- **WHAT IS NEEDED**
The required output is every line from the one containing "UNIQ เคส Macbook Air 13 (2022) รุ่น Claro" through the last line of the listing below, copied exactly, pictures excluded.
SUPPLIED INFORMATION below:
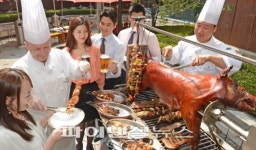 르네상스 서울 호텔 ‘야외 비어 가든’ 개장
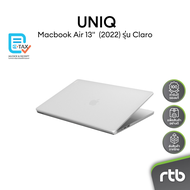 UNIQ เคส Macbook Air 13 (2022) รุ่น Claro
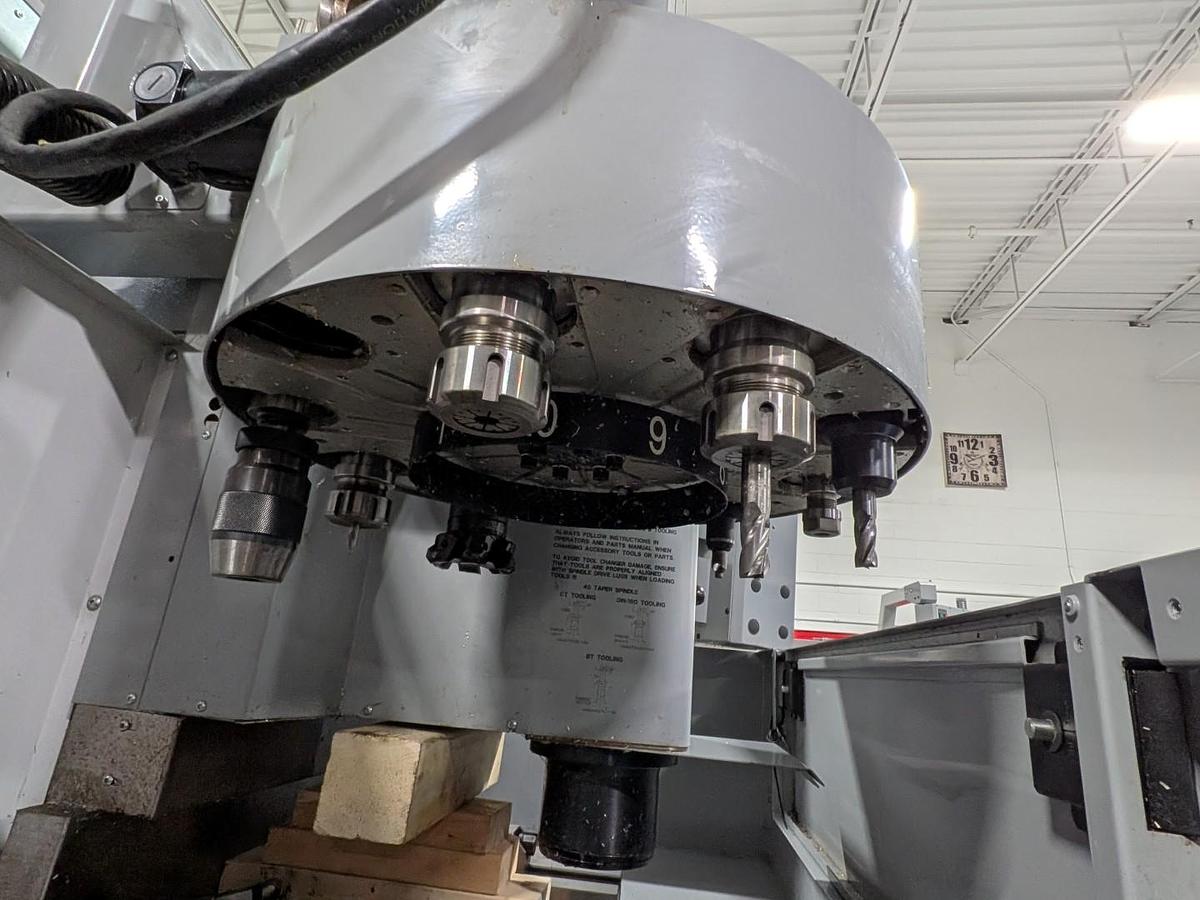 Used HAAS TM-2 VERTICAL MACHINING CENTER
End of SUPPLIED INFORMATION.
- **RESPONSE**
 UNIQ เคส Macbook Air 13 (2022) รุ่น Claro
 Used HAAS TM-2 VERTICAL MACHINING CENTER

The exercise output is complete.